We don’t know of any impediment to the construction of a machine which can perform all of the computations that are physically allowed, and this is the famous ‘universal quantum computer’. There is this race between Google, IBM, Microsoft, who are all trying to crack the construction of this machine. The fact that there can be universal computation is a very peculiar fact about the laws of physics.

But now you can also think, instead of building a machine that can perform all permitted computations, of a machine that I can program to perform all permitted tasks. That’s the universal constructor. This is a programmable object, so you can still write a program in it, but basically instead of just doing computations, it can harness all of the materials and resources to also perform tasks that transform physical systems into other physical systems. So it will, for instance, include all of the repertoires of heat engines, of refrigerators, of nanotechnological devices that can deliver drugs in the body, and other types of machines that we are currently using. This machine, this universal constructor, should incorporate the repertoires of all of those into itself, and it should have this other property which is very important: it should be capable of recreating itself out of raw materials, so it should be able to self-reproduce. Von Neumann tried to lay some foundations, but he didn’t ultimately succeed because he tried to embed this into cellular automata, but he did not provide general principles.

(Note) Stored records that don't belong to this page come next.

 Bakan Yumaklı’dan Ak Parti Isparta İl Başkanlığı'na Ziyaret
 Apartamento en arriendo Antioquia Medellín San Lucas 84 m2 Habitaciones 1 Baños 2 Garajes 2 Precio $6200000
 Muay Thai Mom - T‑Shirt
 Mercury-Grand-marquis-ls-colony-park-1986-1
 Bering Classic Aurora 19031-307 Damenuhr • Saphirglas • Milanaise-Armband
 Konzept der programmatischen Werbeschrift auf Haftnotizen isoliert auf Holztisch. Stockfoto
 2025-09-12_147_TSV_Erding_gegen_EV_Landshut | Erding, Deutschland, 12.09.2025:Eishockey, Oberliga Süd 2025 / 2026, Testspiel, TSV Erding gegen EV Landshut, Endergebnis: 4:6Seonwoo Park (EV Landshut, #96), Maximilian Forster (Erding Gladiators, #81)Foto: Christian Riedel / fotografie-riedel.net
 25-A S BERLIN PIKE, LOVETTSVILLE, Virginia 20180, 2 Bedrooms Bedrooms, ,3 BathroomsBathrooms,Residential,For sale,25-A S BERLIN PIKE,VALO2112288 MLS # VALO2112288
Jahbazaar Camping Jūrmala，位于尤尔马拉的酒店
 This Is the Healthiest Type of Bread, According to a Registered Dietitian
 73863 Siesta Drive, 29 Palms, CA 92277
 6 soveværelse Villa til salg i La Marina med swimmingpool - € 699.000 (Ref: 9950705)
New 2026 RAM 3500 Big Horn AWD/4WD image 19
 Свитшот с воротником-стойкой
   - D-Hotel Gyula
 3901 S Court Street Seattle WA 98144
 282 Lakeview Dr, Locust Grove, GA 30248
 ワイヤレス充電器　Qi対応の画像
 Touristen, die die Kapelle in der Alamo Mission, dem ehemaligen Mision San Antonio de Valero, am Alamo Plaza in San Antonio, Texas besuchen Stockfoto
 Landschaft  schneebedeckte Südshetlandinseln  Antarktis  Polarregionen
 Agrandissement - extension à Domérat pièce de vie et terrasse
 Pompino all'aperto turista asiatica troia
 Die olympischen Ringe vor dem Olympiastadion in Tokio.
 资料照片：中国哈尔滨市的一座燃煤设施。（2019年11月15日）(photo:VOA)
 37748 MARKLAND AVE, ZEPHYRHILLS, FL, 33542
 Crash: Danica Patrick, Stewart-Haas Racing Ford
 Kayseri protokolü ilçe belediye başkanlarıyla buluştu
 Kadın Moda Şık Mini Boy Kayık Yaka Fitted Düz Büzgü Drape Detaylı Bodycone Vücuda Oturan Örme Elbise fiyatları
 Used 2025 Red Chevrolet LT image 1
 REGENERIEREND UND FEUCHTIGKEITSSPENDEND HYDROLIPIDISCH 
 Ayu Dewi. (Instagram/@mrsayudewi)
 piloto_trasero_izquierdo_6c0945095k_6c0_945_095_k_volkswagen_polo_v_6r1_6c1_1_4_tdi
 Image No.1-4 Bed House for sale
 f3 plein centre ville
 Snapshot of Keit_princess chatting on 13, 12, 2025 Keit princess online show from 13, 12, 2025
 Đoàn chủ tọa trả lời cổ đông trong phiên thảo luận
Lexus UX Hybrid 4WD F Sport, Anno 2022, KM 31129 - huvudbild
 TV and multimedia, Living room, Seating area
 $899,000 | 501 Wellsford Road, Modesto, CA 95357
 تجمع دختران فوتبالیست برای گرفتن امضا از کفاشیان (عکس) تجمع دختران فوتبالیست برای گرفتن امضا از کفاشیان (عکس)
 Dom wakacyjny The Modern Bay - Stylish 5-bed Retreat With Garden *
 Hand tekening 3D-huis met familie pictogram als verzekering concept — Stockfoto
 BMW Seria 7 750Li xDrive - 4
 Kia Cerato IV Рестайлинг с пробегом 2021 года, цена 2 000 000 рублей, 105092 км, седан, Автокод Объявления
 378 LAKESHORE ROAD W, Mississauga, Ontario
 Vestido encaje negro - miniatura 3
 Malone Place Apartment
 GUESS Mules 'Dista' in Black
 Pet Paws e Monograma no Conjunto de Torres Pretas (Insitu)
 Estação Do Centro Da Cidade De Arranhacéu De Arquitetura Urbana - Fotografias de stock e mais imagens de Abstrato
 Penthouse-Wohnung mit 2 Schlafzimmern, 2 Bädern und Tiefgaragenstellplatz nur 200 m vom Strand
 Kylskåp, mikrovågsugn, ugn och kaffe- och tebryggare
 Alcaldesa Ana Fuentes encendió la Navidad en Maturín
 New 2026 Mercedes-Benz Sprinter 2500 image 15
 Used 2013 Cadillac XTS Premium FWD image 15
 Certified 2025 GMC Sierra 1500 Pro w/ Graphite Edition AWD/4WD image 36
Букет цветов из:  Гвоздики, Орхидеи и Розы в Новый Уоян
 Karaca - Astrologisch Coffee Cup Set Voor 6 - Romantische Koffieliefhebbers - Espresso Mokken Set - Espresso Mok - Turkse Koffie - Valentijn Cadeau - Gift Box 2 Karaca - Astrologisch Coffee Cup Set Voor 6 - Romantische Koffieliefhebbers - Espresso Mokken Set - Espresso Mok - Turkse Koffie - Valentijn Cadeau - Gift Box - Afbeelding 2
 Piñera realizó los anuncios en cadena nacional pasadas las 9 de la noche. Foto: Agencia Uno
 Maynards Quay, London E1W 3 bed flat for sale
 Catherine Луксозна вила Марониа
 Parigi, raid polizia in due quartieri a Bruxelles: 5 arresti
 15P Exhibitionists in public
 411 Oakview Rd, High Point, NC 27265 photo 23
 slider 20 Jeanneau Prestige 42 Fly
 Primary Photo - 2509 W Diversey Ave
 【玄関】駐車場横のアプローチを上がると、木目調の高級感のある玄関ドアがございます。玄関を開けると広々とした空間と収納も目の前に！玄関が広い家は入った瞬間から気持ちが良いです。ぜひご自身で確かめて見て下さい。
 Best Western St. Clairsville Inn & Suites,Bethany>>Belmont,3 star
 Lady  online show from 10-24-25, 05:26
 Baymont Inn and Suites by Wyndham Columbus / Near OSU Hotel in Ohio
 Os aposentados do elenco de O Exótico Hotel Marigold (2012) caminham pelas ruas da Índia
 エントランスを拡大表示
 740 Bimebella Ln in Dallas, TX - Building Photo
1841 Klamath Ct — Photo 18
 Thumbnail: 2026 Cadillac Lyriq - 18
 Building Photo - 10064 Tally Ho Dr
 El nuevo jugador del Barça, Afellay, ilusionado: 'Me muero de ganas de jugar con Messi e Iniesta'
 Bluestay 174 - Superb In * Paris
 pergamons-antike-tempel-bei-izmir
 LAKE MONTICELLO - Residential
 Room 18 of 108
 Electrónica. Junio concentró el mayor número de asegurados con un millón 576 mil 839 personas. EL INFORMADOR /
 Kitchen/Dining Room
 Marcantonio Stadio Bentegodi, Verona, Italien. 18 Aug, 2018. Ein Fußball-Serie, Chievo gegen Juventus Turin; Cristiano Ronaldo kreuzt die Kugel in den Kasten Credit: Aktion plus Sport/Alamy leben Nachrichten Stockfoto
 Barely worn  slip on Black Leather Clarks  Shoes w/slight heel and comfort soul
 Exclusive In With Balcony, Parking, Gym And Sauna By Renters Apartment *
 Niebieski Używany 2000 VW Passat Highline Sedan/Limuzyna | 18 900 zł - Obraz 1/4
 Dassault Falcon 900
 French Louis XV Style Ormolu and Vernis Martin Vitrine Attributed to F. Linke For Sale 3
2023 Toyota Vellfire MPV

I think constructor theory will provide a set of principles under which we could, for instance, show whether or not the universal constructor can exist. This would be very interesting because it would at least put the universal constructor on equal footing with the universal computer, and at the moment, we don’t even have that. That’s a very promising direction because the universal constructor is much more general than a universal computer. There is this phenomenon that is happening with intelligent life, with humans and possibly other creatures in the universe, and one fruitful question is: how is a human being different from the universal constructor? Is it more powerful? Well, yes, it should be, because it can come up with new ideas, and a universal constructor can’t, because it can only produce things which you program it to produce. I think that a theory of a universal constructor would be a very important underlying conceptual tool to tackle an understanding consciousness and so on. I think that this is all the more reason to try and deliver general principles that hold irrespective of the scale and dynamics of the system of interest. Then, these principles will be able to underlie even a theory of consciousness. Hopefully constructor theory can provide those principles.